Despite his lengthy resume, Sutherland had a dearth of accolades, winning but a few major acting awards for his performances — an Emmy and a Golden Globe for the 1995 miniseries “Citizen X” and another Globe for 2002’s “Path to War.” But the lack of award season hardware didn’t seem to trouble him.

“My career has been all downhill since the age of 11. I did my first play, ‘The Male Animal,’ at Toronto University’s Hart House theater. The audience laughed and applauded when I came on, they applauded when I went off, and they applauded when I came on again. I’ve never had it as good since,” he said.

In 2017 he was given an honorary Oscar, which recognizes extraordinary distinction in lifetime achievement and exceptional contributions to the state of motion picture arts and sciences.


The actor’s short-lived romance with Jane Fonda after making “Klute” in 1971 introduced him to left-wing politics and a second career as a hard-charging activist. The two had met at a Black Panther Party benefit in Los Angeles where he voiced his opposition of the Vietnam War. Sutherland, Fonda and other antiwar activists went on to form the Free Theatre Associates as an alternative to Bob Hope’s USO tours in Vietnam. Documents declassified in 2017 revealed the CIA had placed him on a watch list because of his antiwar activities.

Donald Sutherland and Mary Tyler Moore
Donald Sutherland and Mary Tyler Moore star in the 1980 film “Ordinary People,” which was directed by Robert Redford.
(Paramount Studios)

Watching his father’s seminal films was a revelation for Kiefer Sutherland, who came to appreciate his father’s body of work as a teenager. “I knew he was a famous actor, but I didn’t know how prolific he was. I didn’t know how diverse all of those characters were.”

The younger Sutherland, best known for his leading role in the television drama “24,” said he even called his father to apologize for not knowing the magnitude of his career.

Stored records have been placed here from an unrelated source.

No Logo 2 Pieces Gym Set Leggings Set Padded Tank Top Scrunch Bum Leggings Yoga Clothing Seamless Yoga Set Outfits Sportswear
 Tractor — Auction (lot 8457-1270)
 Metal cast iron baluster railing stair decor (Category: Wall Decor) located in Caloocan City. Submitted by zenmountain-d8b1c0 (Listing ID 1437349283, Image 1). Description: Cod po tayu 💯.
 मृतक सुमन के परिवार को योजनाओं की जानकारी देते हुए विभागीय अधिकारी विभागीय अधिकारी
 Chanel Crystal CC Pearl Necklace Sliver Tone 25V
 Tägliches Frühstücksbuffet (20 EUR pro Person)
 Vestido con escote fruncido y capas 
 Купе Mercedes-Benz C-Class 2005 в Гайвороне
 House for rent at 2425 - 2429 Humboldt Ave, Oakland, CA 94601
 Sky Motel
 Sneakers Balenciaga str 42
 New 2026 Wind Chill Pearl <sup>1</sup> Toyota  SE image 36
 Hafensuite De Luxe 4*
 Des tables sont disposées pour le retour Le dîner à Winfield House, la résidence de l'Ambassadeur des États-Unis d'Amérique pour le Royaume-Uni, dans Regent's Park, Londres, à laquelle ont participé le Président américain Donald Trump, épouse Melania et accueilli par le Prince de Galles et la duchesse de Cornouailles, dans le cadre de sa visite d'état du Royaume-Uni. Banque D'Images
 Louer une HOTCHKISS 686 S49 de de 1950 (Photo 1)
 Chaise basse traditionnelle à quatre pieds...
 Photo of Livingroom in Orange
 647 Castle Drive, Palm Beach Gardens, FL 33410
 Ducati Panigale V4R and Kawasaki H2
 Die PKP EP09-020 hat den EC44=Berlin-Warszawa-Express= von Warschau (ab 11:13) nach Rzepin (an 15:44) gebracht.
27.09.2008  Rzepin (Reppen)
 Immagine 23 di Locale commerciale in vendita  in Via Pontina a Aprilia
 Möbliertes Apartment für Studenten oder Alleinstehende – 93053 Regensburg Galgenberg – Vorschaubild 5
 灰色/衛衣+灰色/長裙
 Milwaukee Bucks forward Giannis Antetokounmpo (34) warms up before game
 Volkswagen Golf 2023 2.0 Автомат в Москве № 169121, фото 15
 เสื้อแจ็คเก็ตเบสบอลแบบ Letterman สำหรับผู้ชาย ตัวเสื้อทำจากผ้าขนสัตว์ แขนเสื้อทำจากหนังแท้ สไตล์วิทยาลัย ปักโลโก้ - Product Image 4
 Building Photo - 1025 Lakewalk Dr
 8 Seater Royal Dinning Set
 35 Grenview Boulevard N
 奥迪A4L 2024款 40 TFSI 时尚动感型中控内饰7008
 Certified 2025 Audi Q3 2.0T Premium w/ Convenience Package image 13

The two Sutherlands both appeared in Joel Schumacher’s 1996 thriller “A Time to Kill,” but they did not share any scenes. That changed when they played an estranged father and son in the western “Forsaken” in 2015.

Sutherland said he generally didn’t watch his films after they were released, but when he did, he said he noticed room for improvement.


“I have to be truthful — I am still looking forward when I look back. All I see are mistakes,” he told The Times. “When you are working on a picture, all of your concentration, all of your intensity is directed toward the heart of it, to such a degree it burns inside of you. Then after it’s over, it’s gone.”

Sutherland is survived by wife Francine Racette; sons Roeg, Rossif, Angus and Kiefer; daughter Rachel, and four grandchildren, including “Veep” actress Sarah Sutherland.